I'd rather play soccer than go to the doctor.
I'd rather play Hurk than go to work.
Hurk? Hurk? What's Hurk?
I don't know, but it MUST be better than work.
I can't wait until I have time to hurk!
Luckily, Fritz has been keeping me company by settling down beside my desk.
|He gets really confused when I start printing stuff out. The motion of the machine startles him a bit.|
I have carved out some social time though, which I think is important when I'm working a lot.
I went to the fair, and could not stop laughing at these ridiculous rasta bananas.
I've also been trying to spend some time each day outside of the house (also important when working from home) and I saw a free pile of stuff on a street near and got a great dutch oven.
And finally, on Saturday, I had three whole hours to quilt. It's really been awhile, and it was so soothing to fire up the machine and sew. The whole ritual was so nice, with the pure physical nature of cutting, sewing and ironing. I'm hoping to fit more of that in and soon.
I made this block, from a design I've been hanging onto for awhile.
|The finished block is 22 x 22|
The proportions are off a bit, I messed up sizing of the pieces, but the general idea is there.
You know how some quilters work with prints and then decided to do a solid quilt as sort of an experiment? I feel like I'm going the other way! I'm experimenting with prints. I have all feedsack style fabrics for this quilt, because I think the small patterns will lend themselves to this type of block.

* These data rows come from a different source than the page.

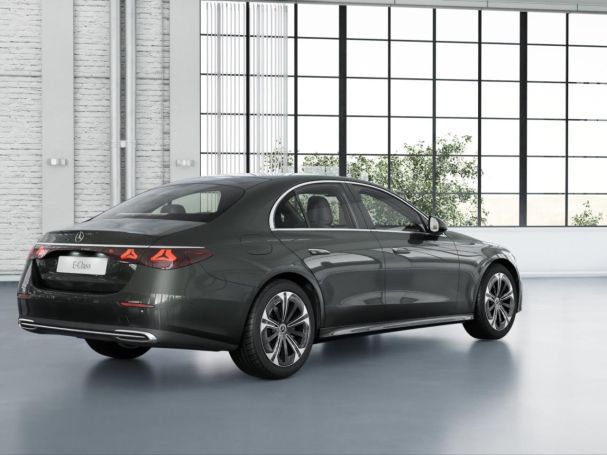 Mercedes-Benz E 220 d Avantgarde Distronic Airmatic Head-up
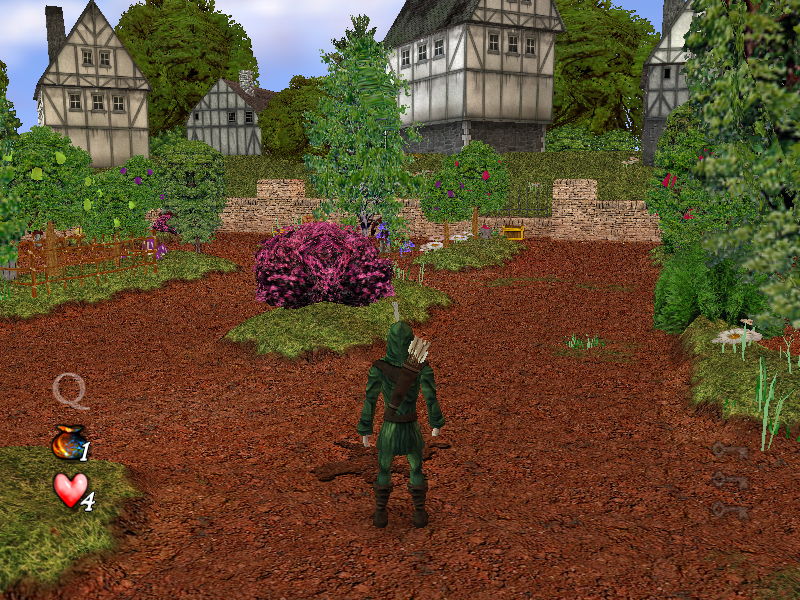 Robin Hood's Quest - screenshot 6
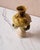 Handmade Mediterranean "Fig Vase 3" Glazed Stoneware by Canoa Lab for TRNK From Deriva Y Trampa Series For Sale - Image 9 of 11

I was really inspired by the two antique quilts that I inherited. They are both done with feedsacks, and I think those patterns have aged so well.
|Now that I've sewn roughly two hexagons together, I appreciate this quilt a lot more!|
These quilts are from my mother's side of the family, and when I asked my grandmother (who passed away in April) about them, she just said "Oh, I guess my mom or aunt made those", and that was it! She was not a sentimental lady in any capacity.
I really appreciate having them though. I'm glad that they are still around for me to love! I wonder if my great-grandmother could have ever anticipated that I'd see them 80 years later and be inspired by her work. It makes me wonder about the future of my quilts. These quilts make me very happy to be a quilter, and be connected to such history!